Se le opere dell’autrice bielorussa possono ancora trovare una certa difficoltà ad affermarsi nei mercati locali, dove è stata messa al bando per lungo tempo, è proprio ad Occidente che la scrittrice ha trovato il grande pubblico. Tradotta in più di 40 lingue, l’autrice è diventata agli occhi della platea occidentale il nuovo simbolo della dissidenza liberale. Per di più, l’annuncio della sua premiazione ha seguito di un solo giorno la celebrazione del nono anniversario dalla morte di Anna Stepanovna Politkovskaja, nonché il 63esimo compleanno di uno degli obiettivi delle sue inchieste, il presidente russo Vladimir Putin. Agli occhi degli osservatori occidentali, il rimando a queste due figure emblematiche della Russia contemporanea non può che richiamare alla mente un altro grande successo letterario degli ultimi anni, quel ‘Limonov’ dello scrittore francese Emmanuel Carrère. A mio modo di vedere, il parallelo non è azzardato proprio perché ci consente di giudicare le tendenze e i gusti del pubblico occidentale contemporaneo, quando volge il suo sguardo ad Est. Inoltre, la predilezione per un genere classificabile sotto la grande etichetta di ‘non-fiction’, come evidenziato dallo stesso Prilepin in una recente intervista, è un fenomeno di marca occidentale: la mescolanza di elementi di fiction e realtà dà vita a nuovi generi letterari ibridi, in bilico tra documento storico e finzione. Si tratta di un procedimento nuovo e ‘necessario’ di riformulazione del ‘reale’, come sottolinea Christian Raimo, di cui anche Aleksevič nelle sue opere si fa a suo modo interprete: “Per la nostra generazione, il mondo intero sembra presentarsi come “familiare”, ma dato che questa è ovviamente un’illusione per quel che riguarda tutti gli aspetti più importanti degli individui, forse il compito di ogni forma di letteratura “realistica” è l’opposto di quello che era un tempo: non più rendere familiare ciò che è strano ma rendere di nuovo strano ciò che è familiare”.

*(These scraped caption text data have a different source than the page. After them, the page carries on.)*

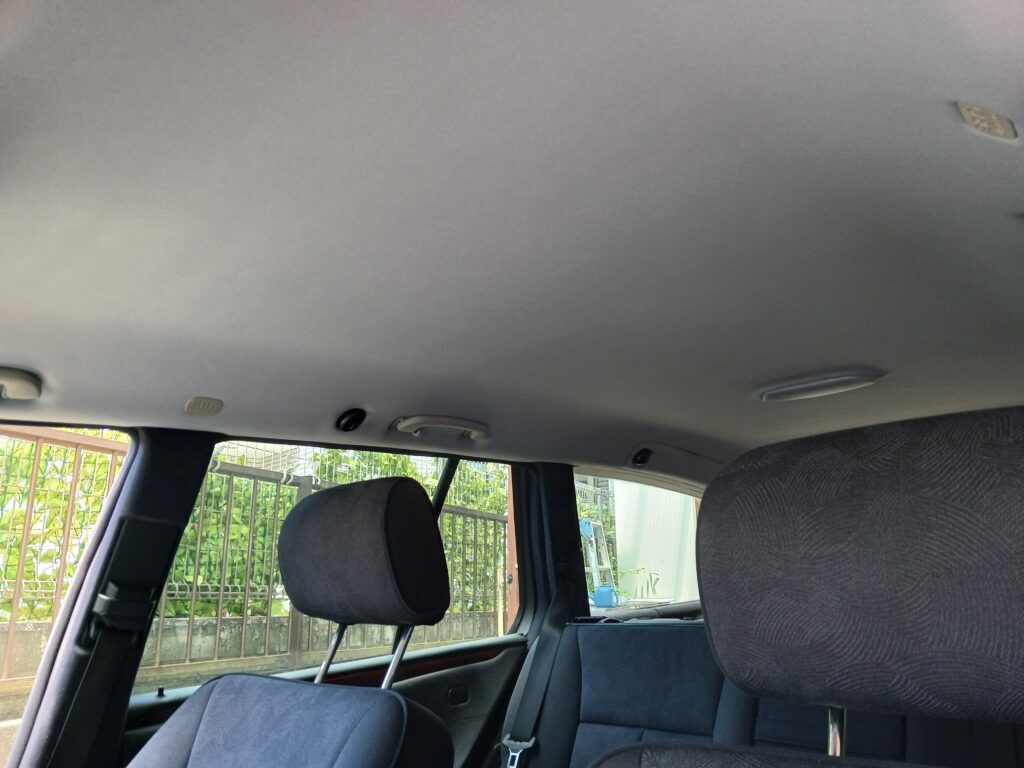 ベンツEクラス天井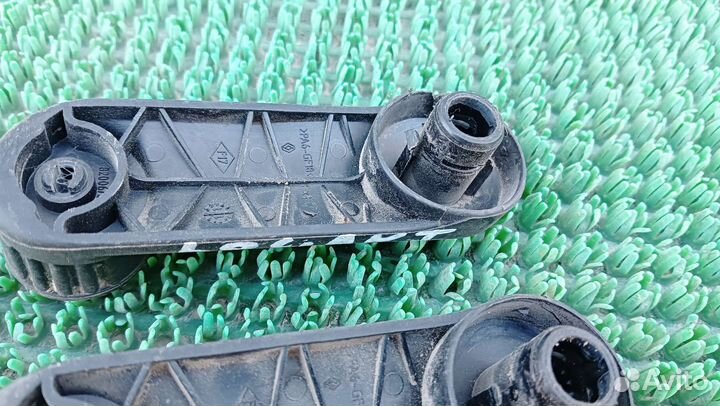 Ручка заднего стеклоподъемника Renault Logan 1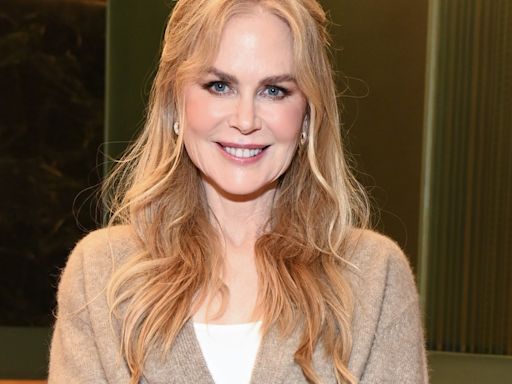 Olvida los vaqueros, la falda de Nicole Kidman es perfecta para combinar con todo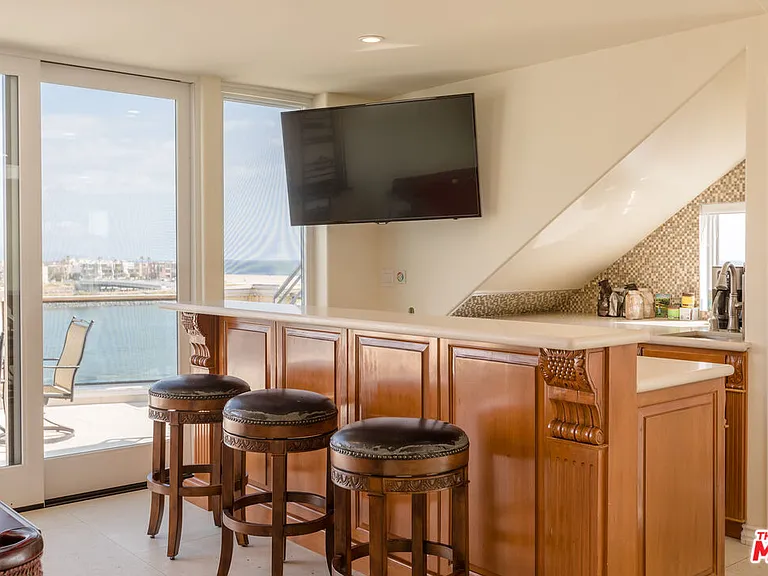 119 W Via Marina — Photo 7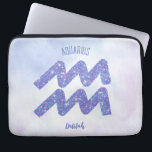 Hübsches Aquarius Astrologie Signieren Personalisi Laptopschutzhülle<br><div class="desc">Dieser hübsche,  personalisierte lila und Lavendel-Aquarius Laptop-Särmel zeigt Ihr astrologisches Zeichen aus dem Zodiac in einem schönen Funkeln wie die Sternbilder. Passen Sie dieses niedliche Geschenk mit Ihrem Namen in einem schönen kursiven Skript für jemanden mit einem späten Januar oder Anfang Februar Geburtstag.</div>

Nel suo contributo per “The New Yorker”, Masha Gessen sottolinea come l’Accademia Svedese abbia letto nella produzione della vincitrice “l’invenzione di ‘un nuovo genere letterario’, “una storia di emozioni, una storia dell’anima”. Ricomponendo i tasselli dell’esistenza dell’ ‘homo sovieticus’, Svetlana Aleksievič riesce nuovamente a ‘meravigliarci’. Si tratta di un’operazione utile tanto al percorso di autocoscienza dei popoli separati dalla frattura sovietica, impacciati nei loro ancora ‘imperfetti’ abiti nazionali, quanto all’Occidente, ancora incapace di comprendere le differenti direttrici dei percorsi intrapresi dal suo stesso ‘Oriente’. A quasi quindici anni di distanza dalla caduta dell’URSS, sembra forse la letteratura a poterci ricondurre all’interno di un nuovo percorso di senso nel tentativo di comprendere l’ ‘Altra Europa’, andando oltre la semplice dialettica Est/Ovest. I diversi volti nazionali (e sovranazionali) di Svjatlana/Svetlana Aleksievič sembrano anch’essi esprimere la necessità di un superamento delle frontiere temporali e spaziali del nostro tempo, diventando un nuovo strumento di testualizzazione per il ritrovamento di un (auspicabile) senso di ‘collettività europea’.